Reports of racist language and graffiti, activities of white nationalist student groups, a spike in advocacy of alt-right movements on campus, and distribution of provocative fliers have forced colleges to work harder at allaying fears among prospective students. The Anti-Defamation League reported a 77-per-cent increase in activities of white supremacist groups targeting college campuses during the 2017-2018 academic year, with the distributed materials often being inspired by Trump-related themes of the “Caravan” of migrants and “Making America American”.
Other measures resulting from Trump policies have also increased apprehension among prospective students. Though the rhetoric is focused on border and immigration controls, recent plans by the United States Citizenship and Immigration Services to redefine the term “unlawful presence” for people holding student visas and in exchange programmes have caused concern among potential applicants.
Two-thirds of international students in the US come from China and India, and incidents of visa restrictions, particularly for Chinese students, are beginning to spoil the pitch for universities. With the US security establishment voicing concerns about academic institutions being infiltrated, there are reports that key aides of President Trump have even suggested a blanket ban on all student visas from China. If the single largest source of incoming international students is targeted, US universities will find it more difficult to attract Chinese students. Moreover, universities in China are climbing up the global rankings, thereby taking the relative sheen off their North American and European counterparts.
Equally crucial are reactions both within and outside the US. To dispel notions of racism that may hamper student applications, US college recruitment fairs are emphasising diversity and inclusiveness while at the same time showcasing the achievements of international faculty and students.
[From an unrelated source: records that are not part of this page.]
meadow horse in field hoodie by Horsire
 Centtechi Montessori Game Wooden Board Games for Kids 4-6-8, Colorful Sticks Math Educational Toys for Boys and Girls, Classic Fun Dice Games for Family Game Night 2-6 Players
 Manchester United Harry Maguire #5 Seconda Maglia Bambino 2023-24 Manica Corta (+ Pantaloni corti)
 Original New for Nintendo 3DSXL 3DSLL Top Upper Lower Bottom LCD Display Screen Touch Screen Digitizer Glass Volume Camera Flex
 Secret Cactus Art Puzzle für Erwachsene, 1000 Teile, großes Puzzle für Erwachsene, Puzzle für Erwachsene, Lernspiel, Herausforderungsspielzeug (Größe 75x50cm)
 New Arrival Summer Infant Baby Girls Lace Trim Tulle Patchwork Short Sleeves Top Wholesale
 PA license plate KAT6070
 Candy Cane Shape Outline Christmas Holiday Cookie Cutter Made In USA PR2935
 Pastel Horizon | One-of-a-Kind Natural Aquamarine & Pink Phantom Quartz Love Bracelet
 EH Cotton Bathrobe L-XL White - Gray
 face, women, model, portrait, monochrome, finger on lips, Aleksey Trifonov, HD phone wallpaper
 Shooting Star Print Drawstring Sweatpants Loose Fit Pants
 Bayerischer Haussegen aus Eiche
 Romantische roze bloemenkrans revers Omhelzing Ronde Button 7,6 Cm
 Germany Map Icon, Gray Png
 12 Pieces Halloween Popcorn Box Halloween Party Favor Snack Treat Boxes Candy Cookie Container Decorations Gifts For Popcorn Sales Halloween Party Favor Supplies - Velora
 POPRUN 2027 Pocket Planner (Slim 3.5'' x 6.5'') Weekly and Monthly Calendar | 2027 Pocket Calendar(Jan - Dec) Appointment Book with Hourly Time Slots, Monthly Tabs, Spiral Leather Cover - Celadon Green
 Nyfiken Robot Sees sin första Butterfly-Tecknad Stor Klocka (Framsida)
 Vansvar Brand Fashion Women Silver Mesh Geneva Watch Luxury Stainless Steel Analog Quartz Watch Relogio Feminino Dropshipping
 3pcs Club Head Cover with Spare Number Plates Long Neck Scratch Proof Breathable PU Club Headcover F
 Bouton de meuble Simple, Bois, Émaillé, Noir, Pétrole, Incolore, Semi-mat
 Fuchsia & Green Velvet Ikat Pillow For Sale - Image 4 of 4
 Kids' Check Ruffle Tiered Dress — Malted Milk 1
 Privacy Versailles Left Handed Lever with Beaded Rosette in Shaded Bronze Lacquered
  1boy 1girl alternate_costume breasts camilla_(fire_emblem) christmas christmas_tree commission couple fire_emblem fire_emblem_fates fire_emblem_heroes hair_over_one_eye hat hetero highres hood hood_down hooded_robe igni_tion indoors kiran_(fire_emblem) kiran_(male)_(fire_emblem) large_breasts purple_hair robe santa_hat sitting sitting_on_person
Colleges are also devoting considerable time to facilitating visa applications and making the process appear less daunting for applicants.
Secondly, countries with robust higher education systems are opening their borders to international students. Australia is already a huge educational destination, while universities in mainland Europe are launching English-language programmes. Scandinavian countries now regularly highlight such programmes while encouraging internships and academic partnerships with BRICS countries.
China itself is an extremely attractive option for students. Aided by the spread of Chinese language classes and substantive scholarships, international students from both Asia and Africa are looking at China as an educational destination. It is now estimated that of the 26 million college students in China, half a million are international students.
For the United States this could be bad news, since for almost 150 years its universities have been magnets for global talent. The US “brand” has long enticed the best international brains, thus contributing to US universities’ research capabilities and the country’s human capital. Moreover, international students are a major earner, contributing $42.4 billion (Bt1.38 trillion) to the US economy in 2017.
In 1862, the Morrill Act incentivised the creation of universities and contributed to the emergence of the United States as a superpower in the 20th century. In 2018, can the US maintain its pre-eminent position? Or will Trump’s policies upend the status quo and create space and opportunities for others to challenge American supremacy in education?